Leaving out all pictures, retype the records exactly.

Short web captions
........
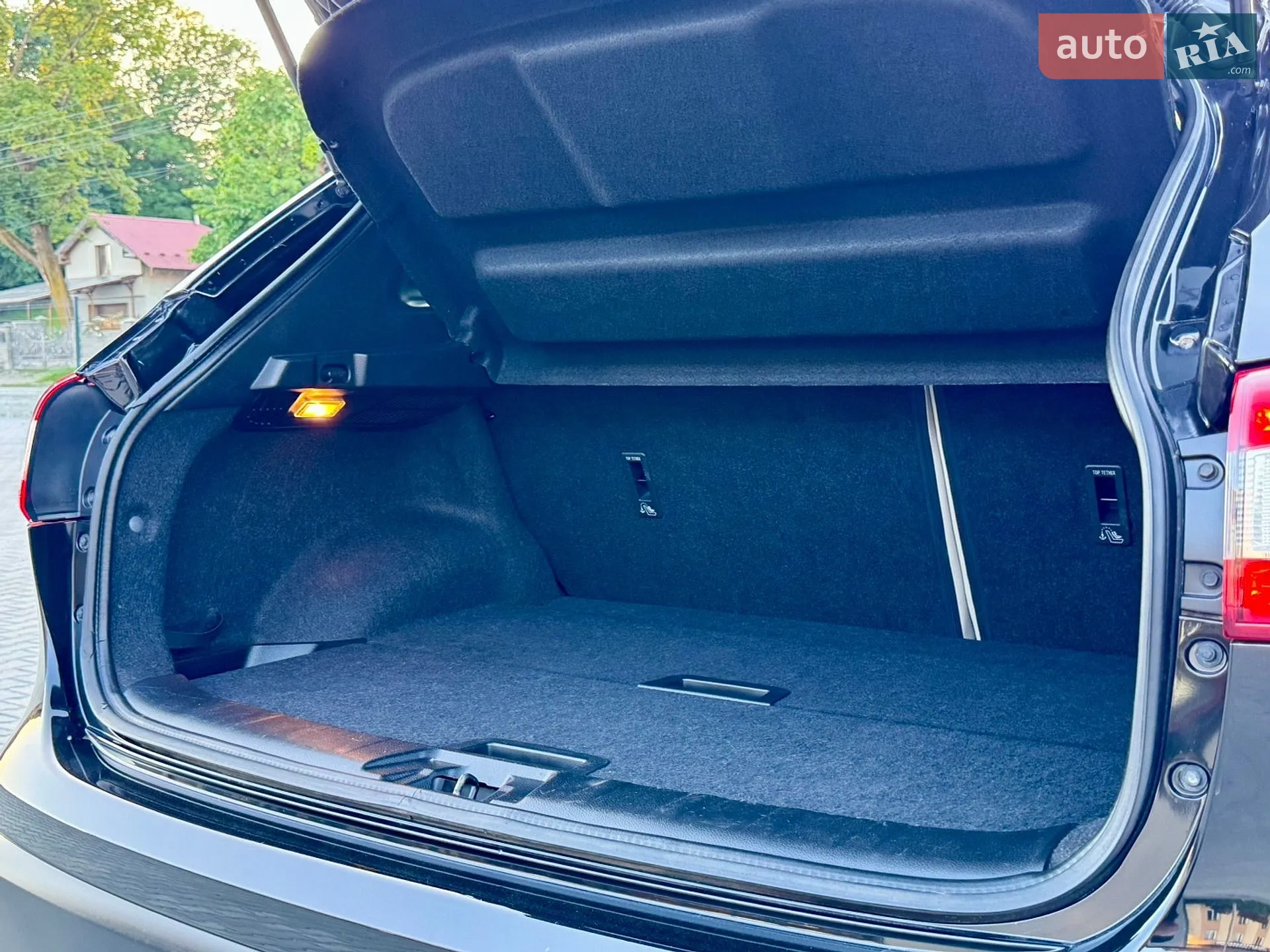 2014 Nissan Qashqai - мініатюра 43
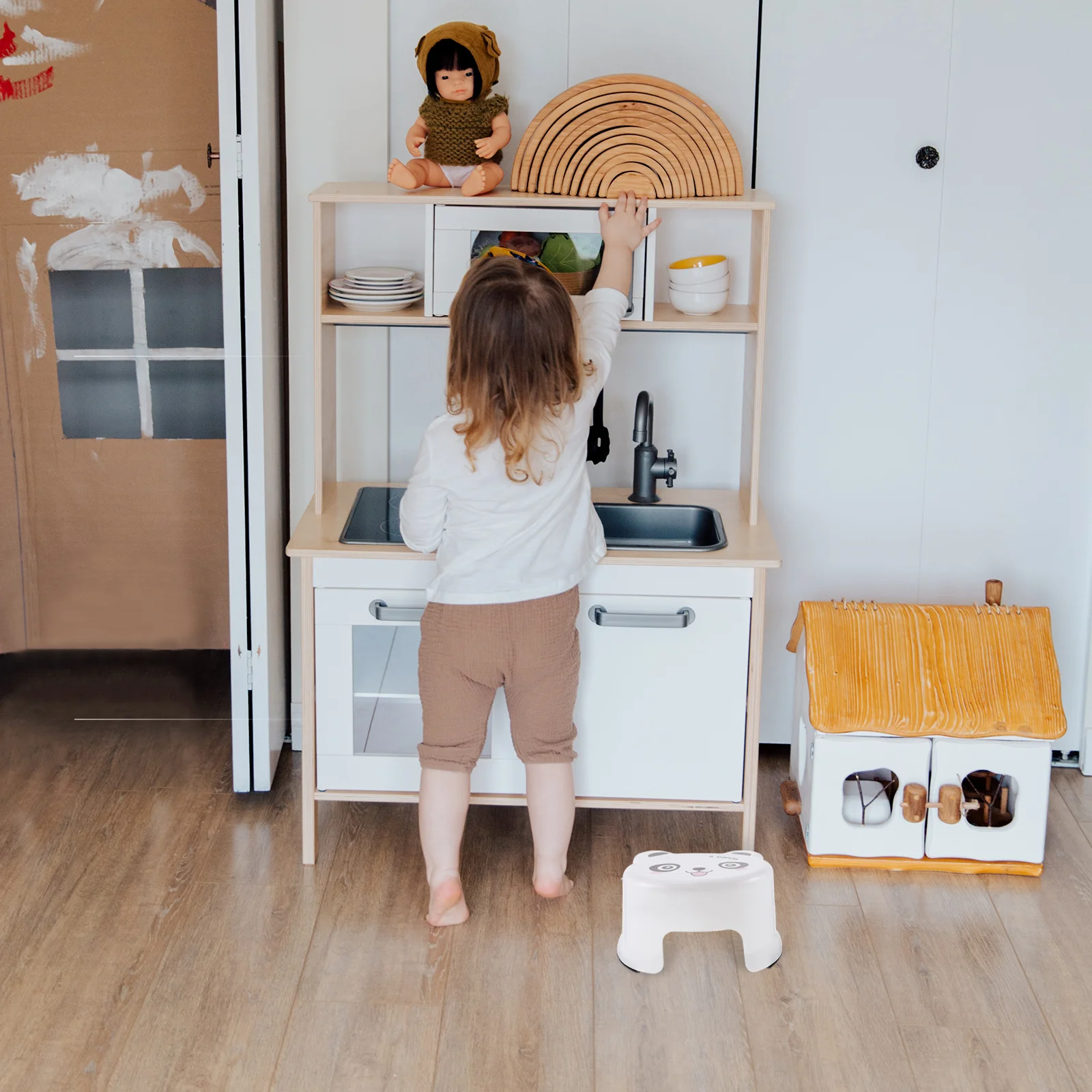Step Stool for Kids Plastic Baby Sink Bathroom Stool Kitchen Step Stool Home Step Stools for Bathroom, Kitchen and
Step Stool for Kids Plastic Baby Sink Bathroom Stool Kitchen Step Stool Home Step Stools for Bathroom, Kitchen and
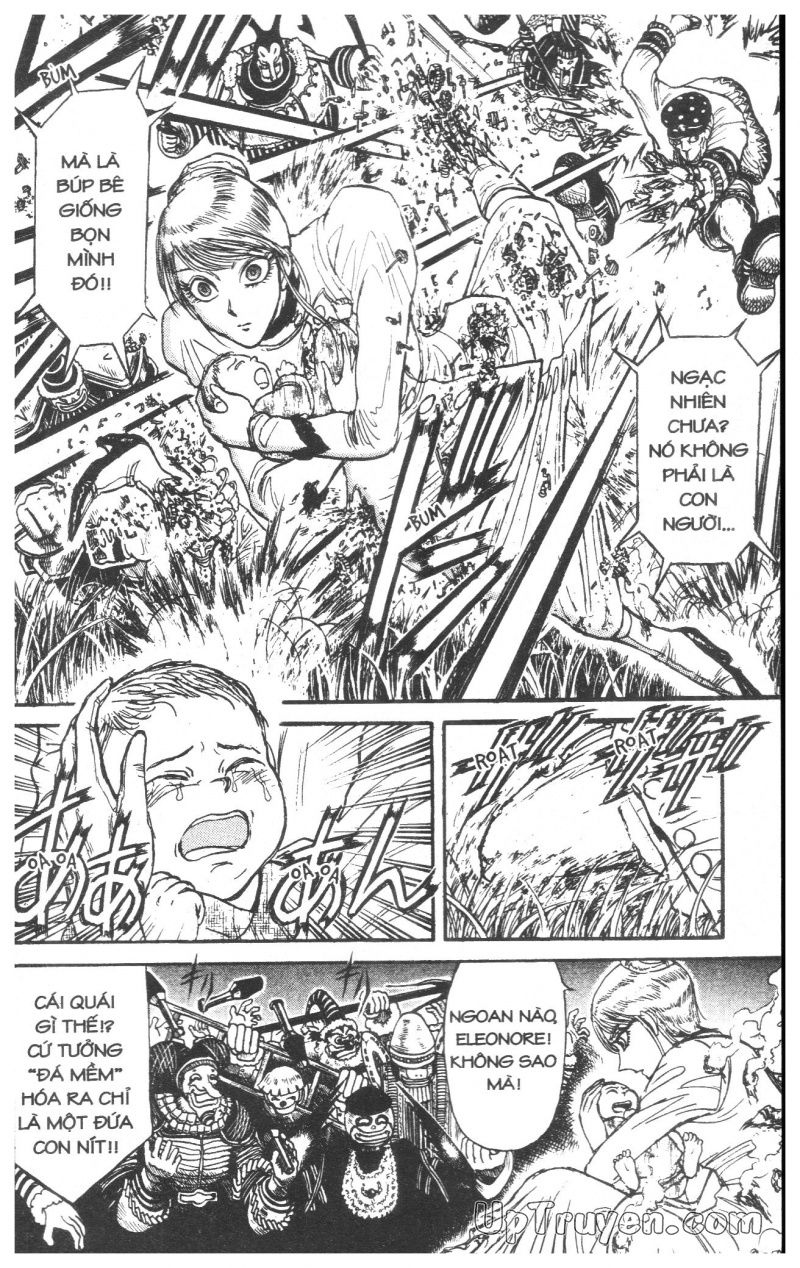 Fujita Kazuhiro: Chapter 25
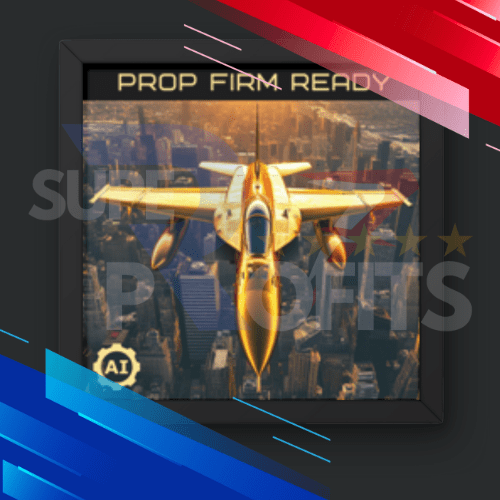 AI Golden Jet Fighter GTX MT4 Robot v2.0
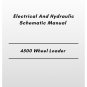 Volvo 4500 Wheel Loader Electrical And Hydraulic Schematic Manual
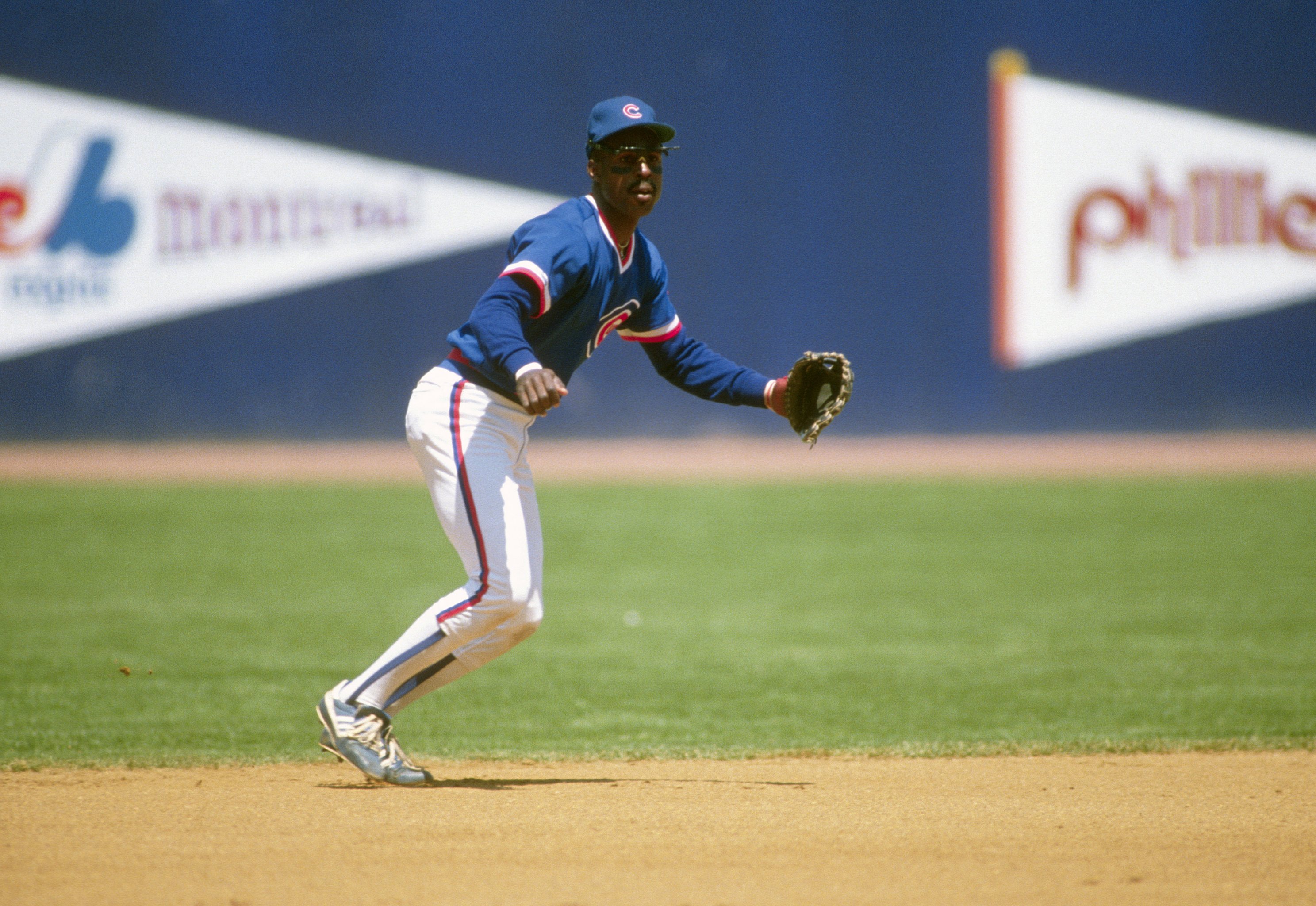 93 Ozzie Smith 1985 Photos & High Res Pictures - Getty Images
........
• _Answer for this exercise_:
 2014 Nissan Qashqai - мініатюра 43
Step Stool for Kids Plastic Baby Sink Bathroom Stool Kitchen Step Stool Home Step Stools for Bathroom, Kitchen and
Step Stool for Kids Plastic Baby Sink Bathroom Stool Kitchen Step Stool Home Step Stools for Bathroom, Kitchen and
 Fujita Kazuhiro: Chapter 25
 AI Golden Jet Fighter GTX MT4 Robot v2.0
 Volvo 4500 Wheel Loader Electrical And Hydraulic Schematic Manual
 93 Ozzie Smith 1985 Photos & High Res Pictures - Getty Images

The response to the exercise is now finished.